__local slower than __global?

I’m taking my first steps in GPGPU computing and decided to do so in OpenCL.

I have written a very simple and naive brute-force raytracer app.

It works like this: Every work-item corresponds to 1 pixel. The kernel gets launched with an array of spheres, it goes through these spheres in __global memory, with a for loop, calculating the closest one for that pixel. The resulting color is written out to a pixels array, also in __global memory, and in the end read out by the host to plot to the screen.

This works fine and I’m getting ±50 fps(only counting the kernel runtime) for 100 spheres.

But when I try to copy the spheres array to a __local array first and do the for loop through the local array, the fps drops to ± 40 fps.

Instead of every kernel having to go through all 100 spheres in __global memory, every sphere is only read once per workgroup in __global memory and then accessed through __local memory for all work-items.

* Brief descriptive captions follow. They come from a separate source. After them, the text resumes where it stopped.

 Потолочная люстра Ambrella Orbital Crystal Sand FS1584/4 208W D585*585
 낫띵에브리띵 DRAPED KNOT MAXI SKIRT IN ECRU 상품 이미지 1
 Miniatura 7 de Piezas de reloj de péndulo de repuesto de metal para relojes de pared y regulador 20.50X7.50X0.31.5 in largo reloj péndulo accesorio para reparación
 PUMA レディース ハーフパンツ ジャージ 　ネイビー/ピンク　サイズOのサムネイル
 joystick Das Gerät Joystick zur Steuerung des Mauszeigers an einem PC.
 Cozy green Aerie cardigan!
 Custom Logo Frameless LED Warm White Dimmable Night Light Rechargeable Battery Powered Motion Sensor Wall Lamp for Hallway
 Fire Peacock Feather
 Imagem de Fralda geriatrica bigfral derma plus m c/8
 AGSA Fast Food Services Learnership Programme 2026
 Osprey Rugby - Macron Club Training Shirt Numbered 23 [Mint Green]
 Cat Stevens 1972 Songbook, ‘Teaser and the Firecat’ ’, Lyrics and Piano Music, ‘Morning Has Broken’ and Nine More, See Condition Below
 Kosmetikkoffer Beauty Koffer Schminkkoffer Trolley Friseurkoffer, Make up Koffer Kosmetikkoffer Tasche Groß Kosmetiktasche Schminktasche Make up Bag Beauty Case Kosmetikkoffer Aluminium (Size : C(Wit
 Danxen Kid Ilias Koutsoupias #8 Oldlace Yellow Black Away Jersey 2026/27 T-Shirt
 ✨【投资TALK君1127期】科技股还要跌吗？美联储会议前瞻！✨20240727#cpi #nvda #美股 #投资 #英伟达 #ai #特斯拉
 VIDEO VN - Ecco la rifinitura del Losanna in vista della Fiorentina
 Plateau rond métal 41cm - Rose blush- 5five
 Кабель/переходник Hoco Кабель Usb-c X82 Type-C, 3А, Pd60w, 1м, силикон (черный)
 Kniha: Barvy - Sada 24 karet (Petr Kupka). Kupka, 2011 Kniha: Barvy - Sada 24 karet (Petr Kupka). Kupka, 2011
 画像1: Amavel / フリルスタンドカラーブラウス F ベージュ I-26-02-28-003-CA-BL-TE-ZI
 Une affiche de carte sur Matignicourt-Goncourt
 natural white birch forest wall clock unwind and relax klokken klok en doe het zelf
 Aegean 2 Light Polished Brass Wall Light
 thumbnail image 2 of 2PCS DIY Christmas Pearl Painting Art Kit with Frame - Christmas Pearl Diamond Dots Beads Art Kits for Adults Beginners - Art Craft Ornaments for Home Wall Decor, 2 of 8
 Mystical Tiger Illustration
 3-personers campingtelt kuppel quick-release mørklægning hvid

To my understanding, this massively reduces the amount of global memory reads and should be a lot faster, but it is slower!

The kernel:

__kernel void rayTrace(__global float8* spheres, 

                       int numberOfSpheres, 

                       __global char4* pixels, 

                       int width, 

                       int heigth, 

                       __local float8* locSph){


    int iGID = get_global_id(0);

    int tId = get_local_id(0);

    int lSize = get_local_size(0);

for(int k=tId;k<numberOfSpheres;k+=lSize){

		locSph[k] = spheres[k];



//Also tried this instead, was even a little bit slower:

    //event_t copyEvent;

    //async_work_group_copy (locSph, spheres, numberOfSpheres, copyEvent);

    //wait_group_events(1, &copyEvent);

//Some irrelevant private initializations here

float8 hitSphere;

	for(int i=0;i<numberOfSpheres;i++){


			float8 thisSphere = locSph[i];


			//Intersection calculations here, update hitSphere when closer hit



	if (closestSphere == -1){ //if no hit, paint black

	        pixels[iGID] = (char4)(0,0,0,255);



//calculate shadingFactor here


	pixels[iGID] = (char4)(shadingFactor * hitSphere.s4, shadingFactor * hitSphere.s5, shadingFactor * hitSphere.s6, 255);


The really strange thing is, that even when I simply comment out the “copy from global memory” part(and thus getting undefined results), the version with global accesses in the for loop is still faster…

Global worksize is the resolution (960x720), local worksize is 256. I’ve tried other values, with no significant relative differences between both versions.

I’m running this on a GTX 260, windows 7 64bit, nvidia driver 263.06, MSVC compiler.

If there’s anyone with an explaination for this, I would be very gratefull. I’ve spent 2 full days searching, with no success. Thank you for your time!

I suspect your problem could be (under)utilization. In order to hide memory latencies, the GPU must keep multiple work groups “in flight” simultaneously. The number of work groups that it can keep active at the same time depend on the amount of shared memory used by each work group. For details, see the section on “Occupancy” in the NVidia OpenCL Best Practices Guide (I don’t have the link handy, sorry). I’ve found that as a rule of thumb, on the GTX260 you’ll want to be able to have about 8 work groups of 256 work items each active simultaneously. 100 spheres of 8 floats each will take ~3.2k, so you’ll only be able to fit five of those into the GTX260’s 16K shared memory per core. As the registers used to run each work item are also mapped to the shared memory, you’ll probably only be able to have two or three work groups active simultaneously in practice. One idea that pops into mind is to split the spheres into multiple sets, and then copy each set into __local memory and do the hit calculations before moving on the next set.

Use the NVidia profiler on your code and check if occupancy is less than 1; if it’s not, you can disregard everything I said above.

P.S.: Perhaps you could put the sphere data into __constant memory ? I think the GTX260 can cache __constant memory accesses, so that could also speed up your code.